Traits for wrapping up signed and/or time-bound objects

Overview

Frequently (for testing reasons or otherwise), we want to ensure that an object can only be used if a signature is valid, or if some timestamp is recent enough.

As an example, consider a self-signed certificate. You can parse it cheaply enough (and find its key by doing so), but you probably want to make sure that nobody will use that certificate unless its signature is correct and its timestamps are not expired.

With the tor-checkable crate, you can instead return an object that represents the certificate in its unchecked state. The caller can access the certificate, but only after checking the signature and the time.

This crate is part of Arti, a project to implement Tor in Rust. Many other crates in Arti depend on it, but it should be generally useful outside of Arti.

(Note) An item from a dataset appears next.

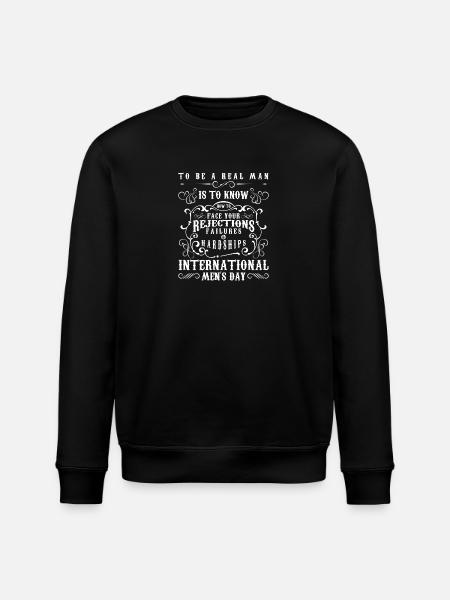 Men's Holiday Beard - Stanley/Stella ROLLER Unisex Organic Sweatshirt - black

Design notes and alternatives

The types in this crate provide functions to return the underlying objects without checking them. This is very convenient for testing, though you wouldn't want to do it in production code. To prevent mistakes, these functions all begin with the word dangerously.

Another approach you might take is to put signature and timeliness checks inside your parsing function. But if you do that, it will get hard to test your code: you will only be able to parse certificates that are valid when the parser is running. And if you want to test parsing a new kind of certificate, you'll need to make sure to put a valid signature on it. (And all of this signature parsing will slow down any attempts to fuzz your parser.)

You could have your parser take a flag to tell it whether to check signatures and timeliness, but that could be error prone: if anybody sets the flag wrong, they will skip doing the checks.